Self-guided wins easily here. Every stop on this loop is free, the route is short and flat, and the layout is simple enough that you genuinely do not need a guide to find your way. Put the iron fox and the cathedral on a map and you have the whole walk. A paid guided tour of Šiauliai is hard to even find, and most operators that work this region are really selling the Hill of Crosses day trip from elsewhere rather than the city centre itself.

If you want a guide, the smart move is to combine the centre with the Hill of Crosses, which sits about 12 km north of town and is the region's headline sight. That is the trip worth paying for, because it needs transport. For the city core, save your money and walk it yourself.

What you might pay for instead is the Frenkel Villa story. The mansion is free to enter, but if anyone is offering a guided English explanation of the Frenkel family and the interiors, that is the one bit of context the building does not give you on its own.

Group Tour AI Self-Guided
Price €25–€50 per person €5/hour or €20 all-inclusive
Flexibility Fixed schedule Start anytime, skip stops
Languages 1–2 languages 11 languages
Pace Group pace Your own pace

How Long Does This Siauliai Tour Take?

Our route covers 5.2 km with 6 stops and takes approximately 2.0 hours at a relaxed pace.

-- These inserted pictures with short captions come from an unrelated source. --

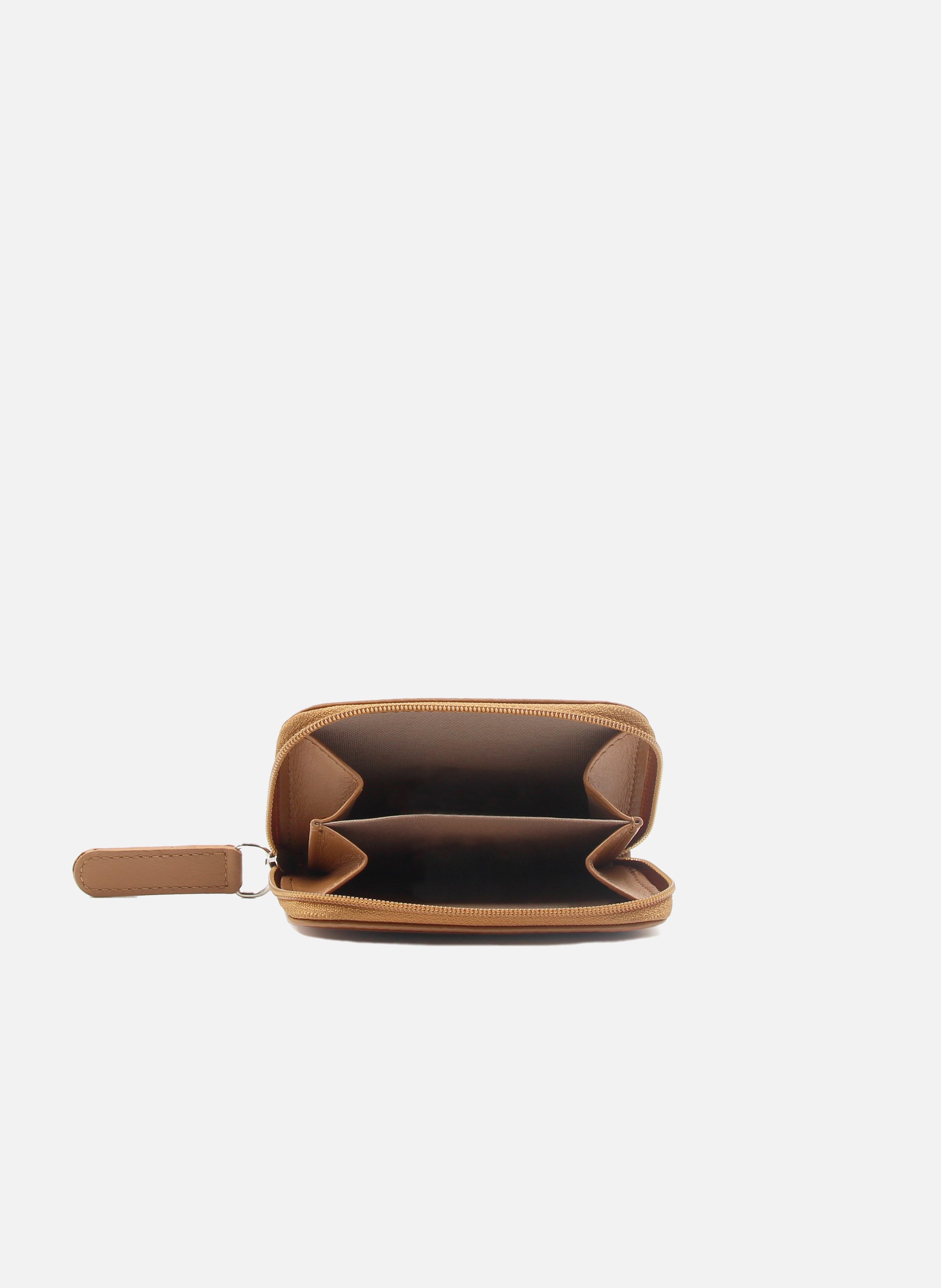 Porte-monnaie cuir lisse JULES & JENN Marron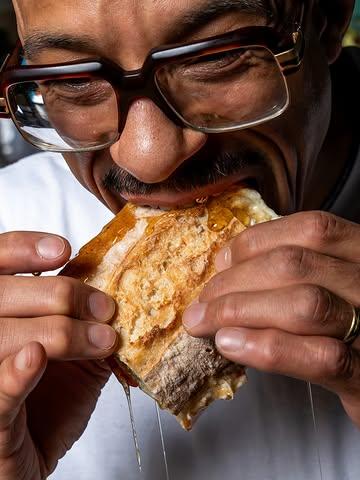 Guess who dropped by? 
The legendary Stijn Brands, famous photographer and house photographer @quitefrankly_deli 

Today, we took a field trip to our number one fan base @braboshandtattoo 

Shoutout to our man Etiene , the self-proclaimed hot honey connoisseur! We’re still trying to figure out how he manages to add hot honey to everything—even sandwiches! 

And let’s not forget the famous sandwich we serve “Hot honey”—it’s so good, it should probably get its own Instagram account! 

Big love to @braboshandtattoo for being are 1 fan in town! Keep being awesome, folks!
And of course Stijn Brands! @stijnbrandsphoto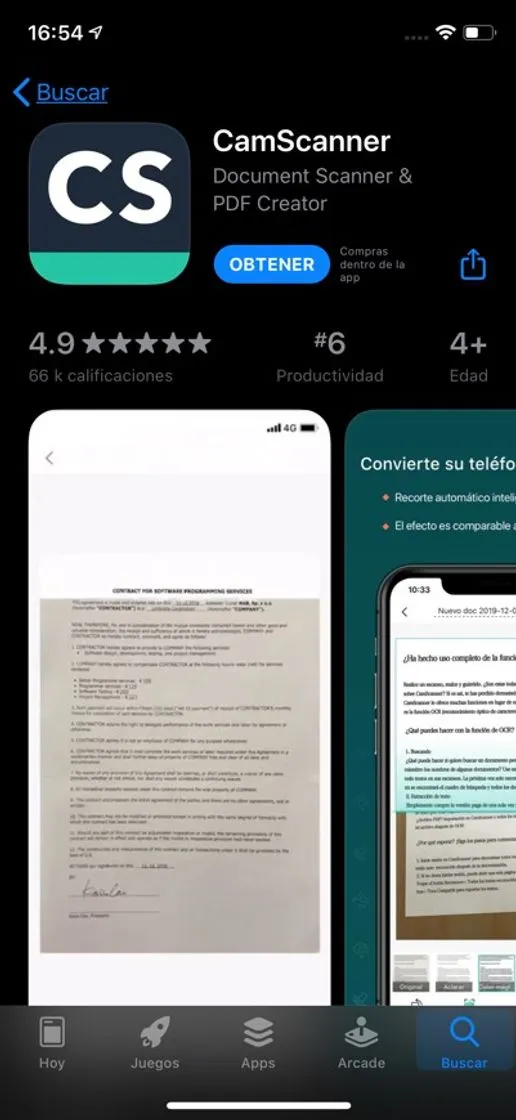 App para escanear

Walking time around the full loop is roughly an hour and 15 minutes, but give yourself two hours to do it properly. The two stops that eat time are the Frenkel Villa, which deserves 30 to 45 minutes inside, and Lake Talša, where a bench and the view can easily swallow another half hour if the weather is good. Everything else is a five to ten minute stop.

For a break, Vilniaus Street is your spot. It is lined with cafes and you pass it twice, so grab a coffee on the way down and an ice cream on the way back. If you want to sit by the water instead, the benches along the southwestern shore of Lake Talša near the Iron Fox are the quietest and have the best view back across the lake.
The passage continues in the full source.